From time to time I’ll be dredging up some of the old reviews I’ve written of novels on Amazon. Back in 2012, I wrote up a review of the Dan Simmons 1998 novel, Hyperion, which won a Hugo award for best novel. Here it is.
An R-rated Space Opera set to the tune of Canterbury Tales
(4 stars out of 5)
As many other reviewers have stated, Hyperion is a sort of Canterbury Tales in space, a book set around seven pilgrims and their journey to a location known as the Time Tombs. At nearly 500 pages, the book stops before everything is resolved, forcing readers to move ahead to the sequel, The Fall of Hyperion.
What the book does well, it does very well. The multi-voice Canterbury-esque approach allows Simmons to not only explore the lives of the pilgrims, but also expound on the vast galaxy and history upon which the book is set. I was concerned going in that the book would simply confine itself to one planet without exposing me to the larger galaxy, but was pleased to discover that the individual tales become the vehicle for lifting the veil on the rest of Simmons’s universe. The Hegemony (the name of the galactic political body), its varied planets, and its mysterious adversaries are all well-developed and alive, inspiring as much wonder in the mind as Star Wars or Star Trek ever did on the screen. The pilgrims themselves are a diverse lot — some endearing, some irritating, others mysterious — and their interactions add to the flavor of the stories they tell.
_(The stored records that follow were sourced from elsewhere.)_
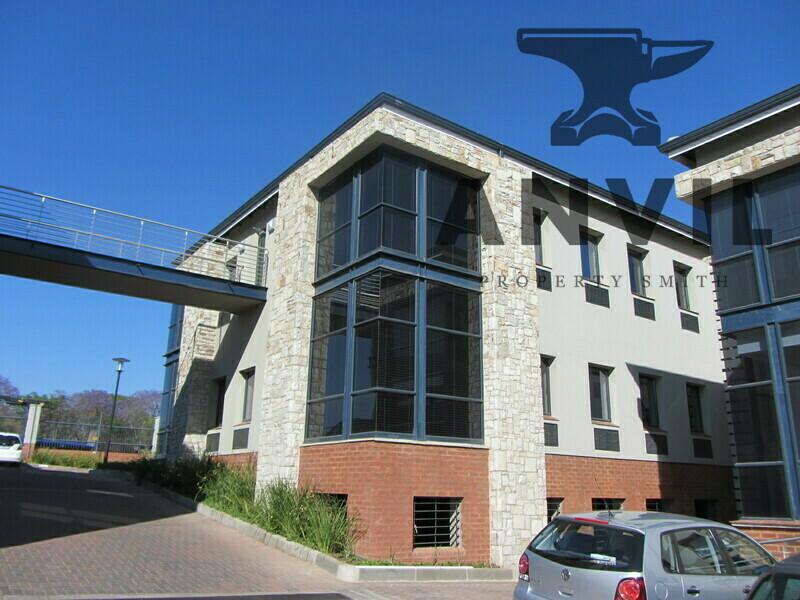 Cedar Office Estate, Fourways - Block 7 property image 18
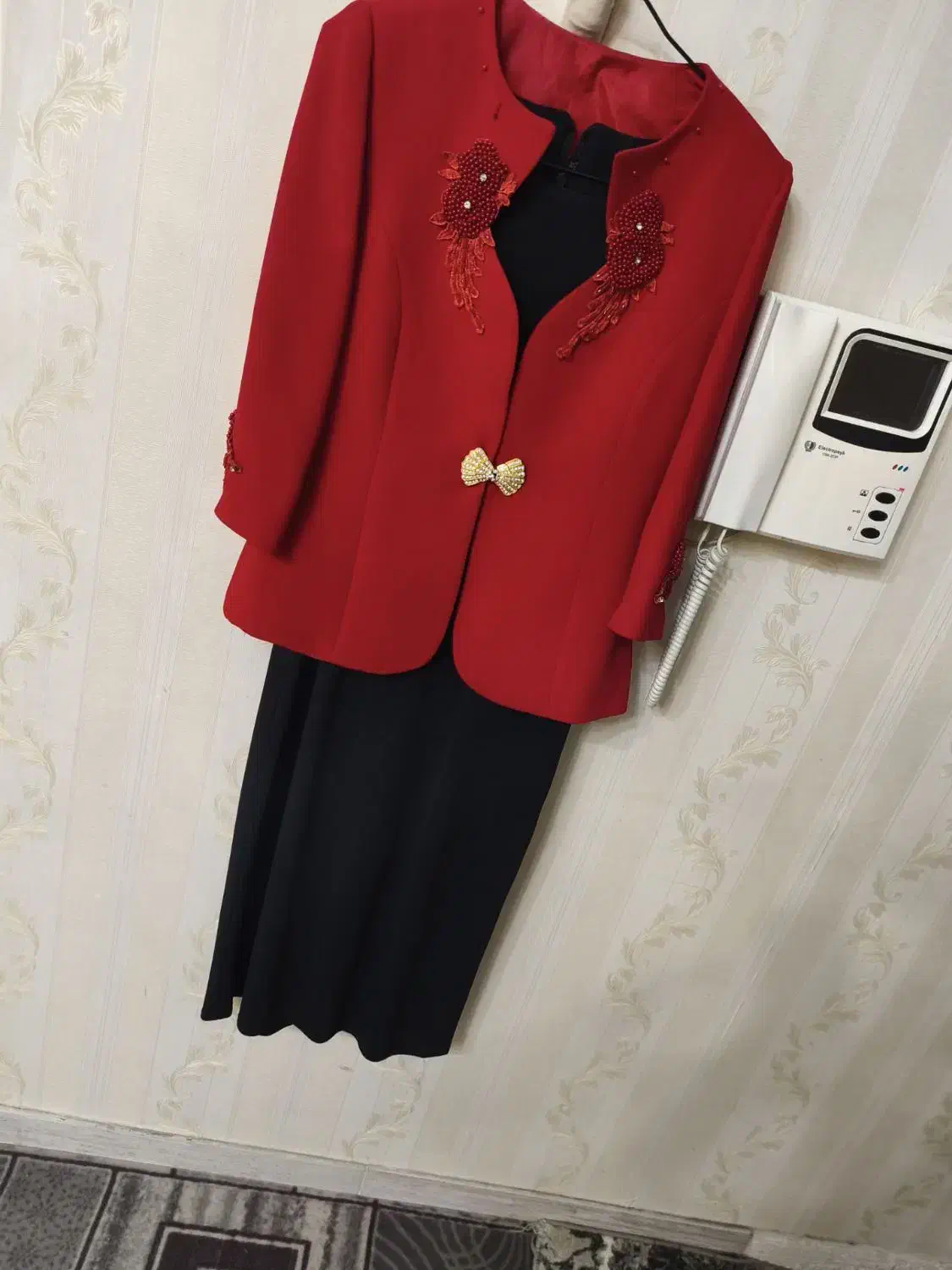 لباس دامن و کت|لباس|نسیم‌شهر, |دیوار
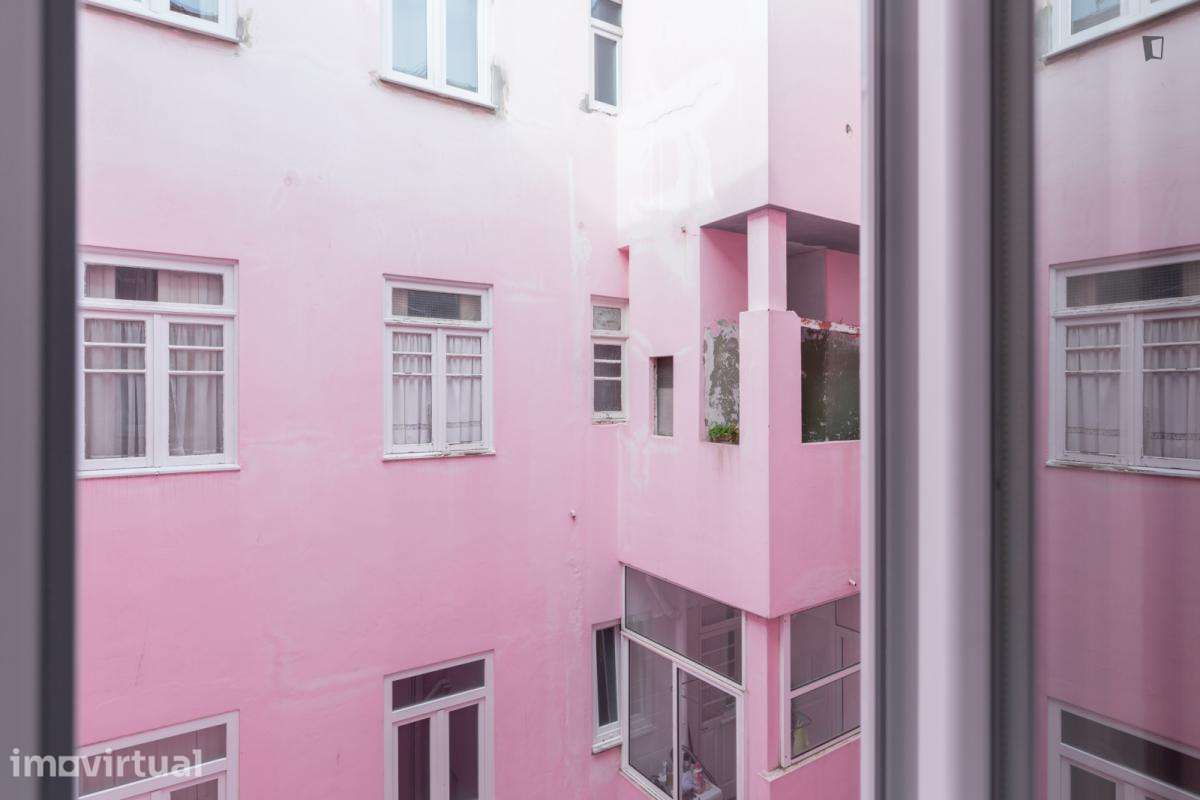 Quarto - localizado em Cedofeita Porto - Grande imagem: 4/21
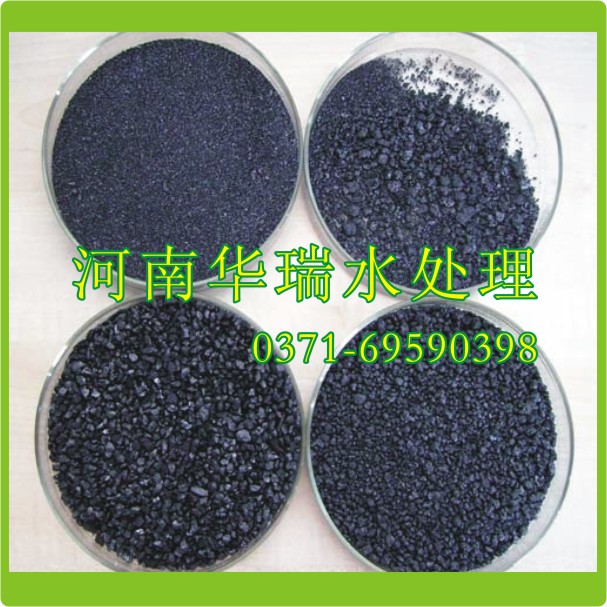 河南深井無煙煤濾料特點(diǎn)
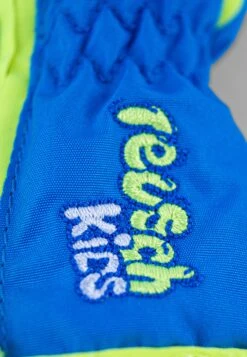 Reusch Ben - Guantes - Brilliant Blue Safety Yel -ADIDAS PERFORMANCE Ventas b31c937e08ec4e409b226cac160c8905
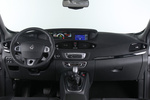 Renault Grand Scénic dCi 110 EDC Dynamique Monovolumen Interior Salpicadero 5 puertas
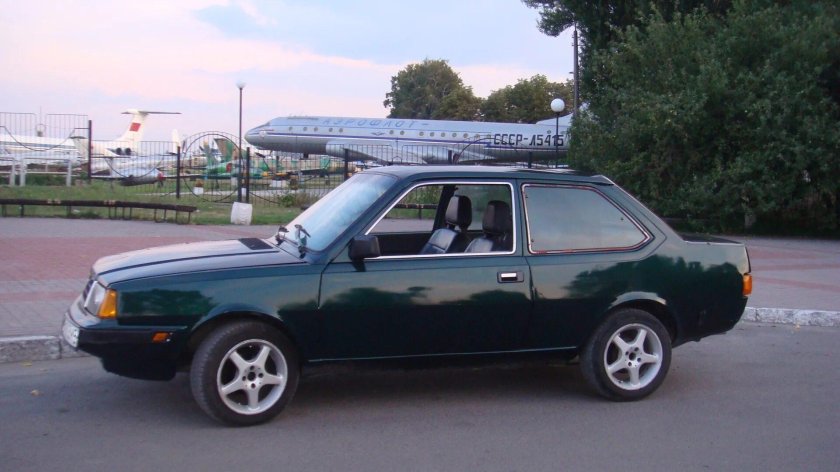Volvo 360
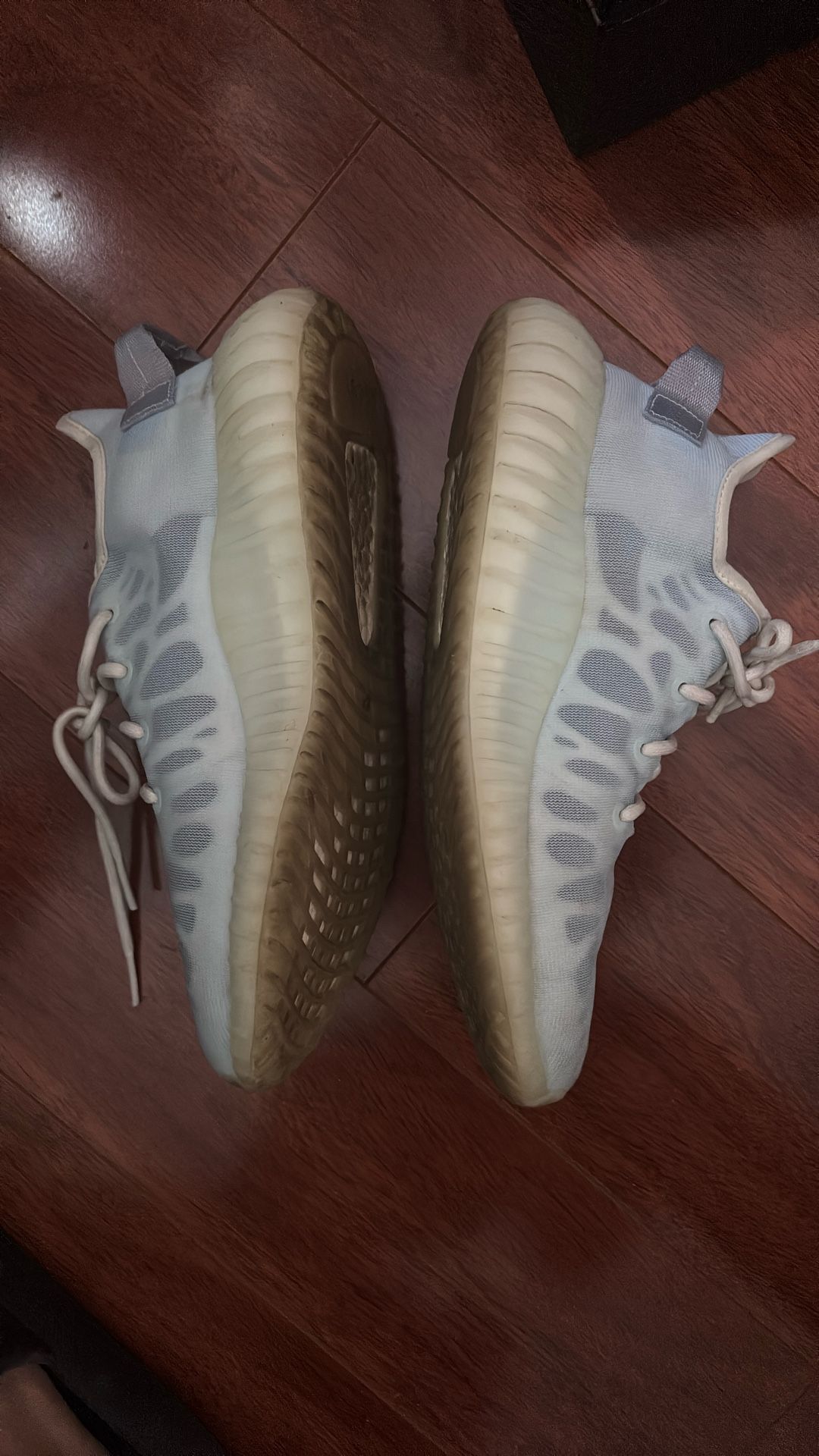 Yeezy 350 Frost
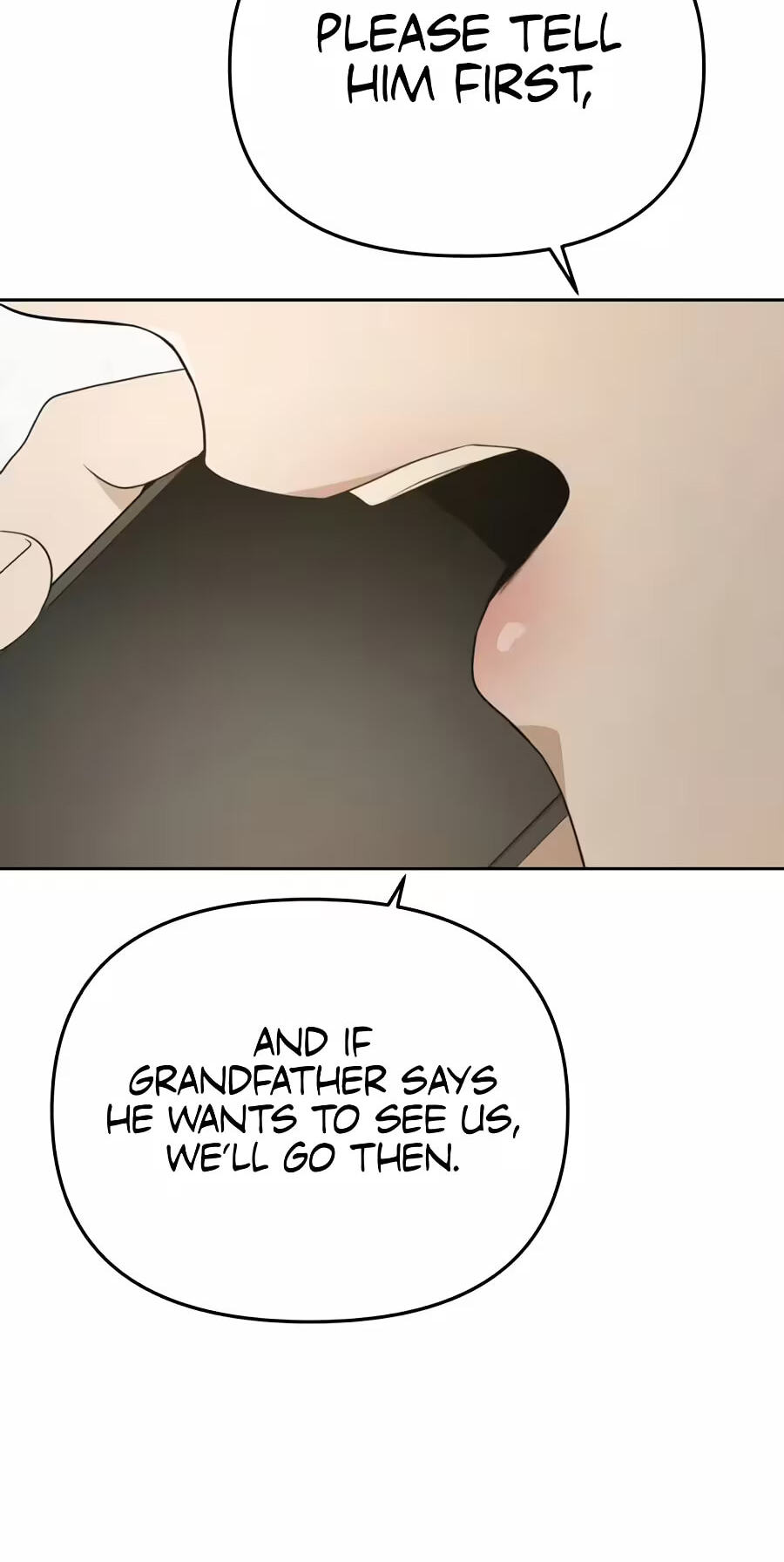 I’d Rather Live as a Villain Chapter 48 page 69 - 
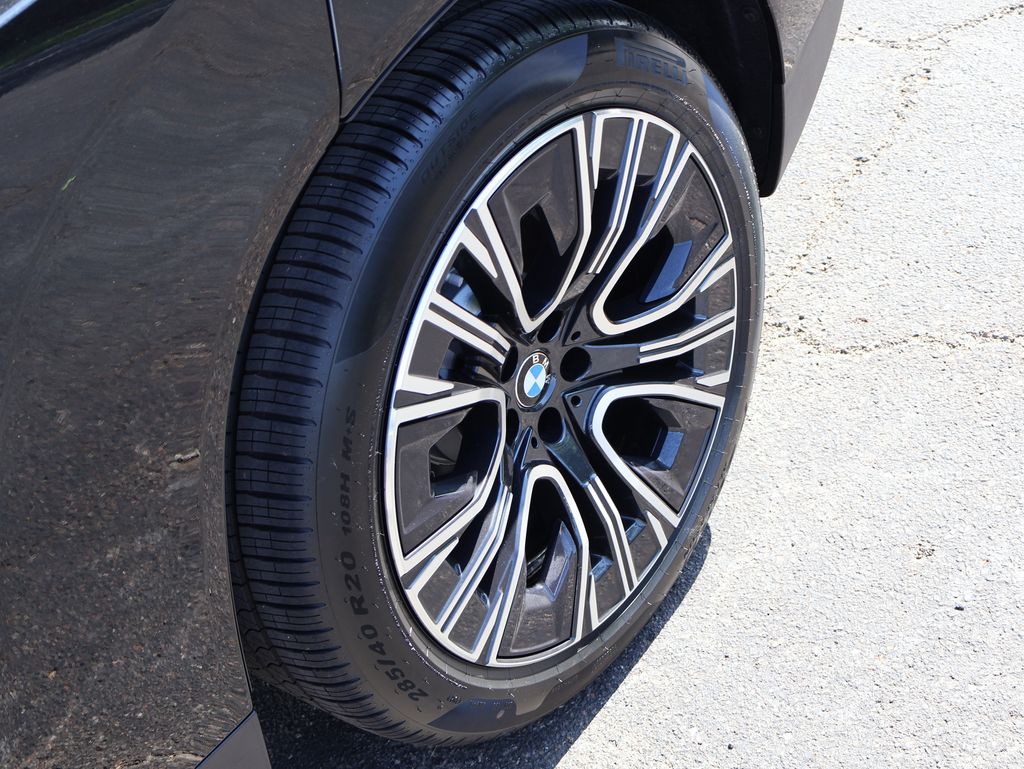 2025 Bmw X3 30x Drive photo 34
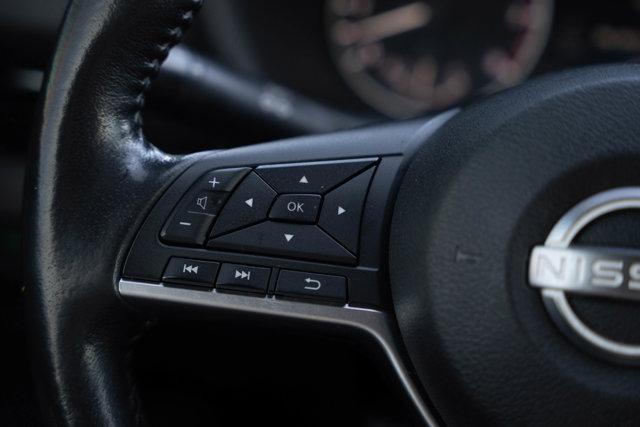 used 2024 Nissan Sentra car, priced at $16,999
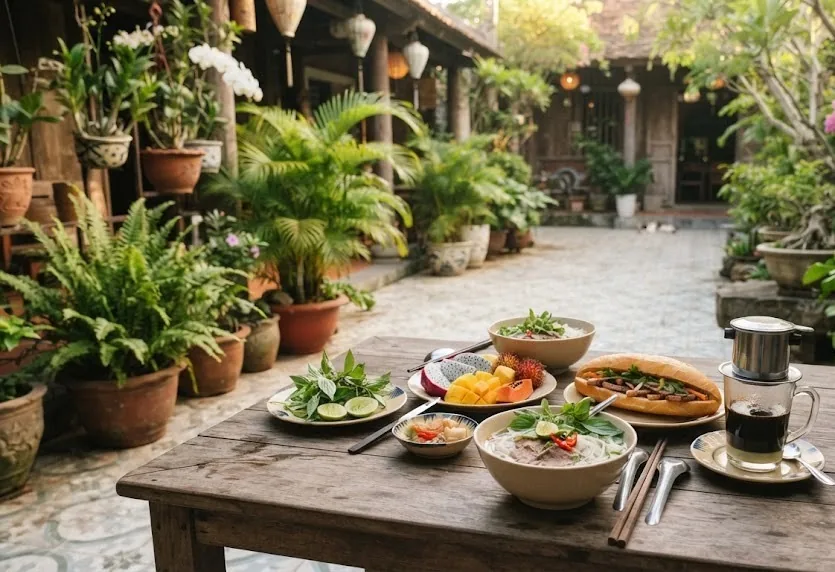 Da Nang’s Charming Bed and Breakfasts: Cozy Stays with Home-Cooked Meals 2026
The individual tales vary in quality but the best are peerless. The haunting story of Father Hoyt and the emotional journey of Sol Weintraub represent some of the highest caliber of science fiction drama I’ve ever read. A third, the Lamia story, has a few flaws but is a well-paced mystery in its own right. The rest aren’t on the same level but are still better than average and don’t out-and-out sink the novel. The interludes between the stories, meanwhile, work serviceablly to advance the overarching storyline and build dramatic tension.
The book’s flaws are few but unfortunate. Chief among them is the indulgent sexuality that runs through some of the stories. In my view the best writers (i.e. Asimov) lead the readers to the proverbial door and leave the rest to mystery. Simmons, seemingly playing out his own weird fantasies, is at times graphic in his depictions of his characters escapades… and in ways that are neither helpful to the narrative or in some cases even plausible. The Kassad story, which at times reads like something out of a low-budget direct-to-DVD sci-fi movie, is the worst example. More than just titillation, these scenes have a cascade effect on the book: they detract from character development and leave some of the pilgrims less fleshed out than others. It is perhaps no coincidence that the demure tales of Hoyt and Weintraub are regarded as the best of the lot.
In the end, Simmons book is well deserving of its Hugo status and is one of the better science fiction narratives of its time. Its few flaws keep it, at least in my opinion, from it from the rarified air of the best science fiction novels ever, but it nevertheless is a solid epic that successfully creates and moves forward a living, breathing, universe all its own.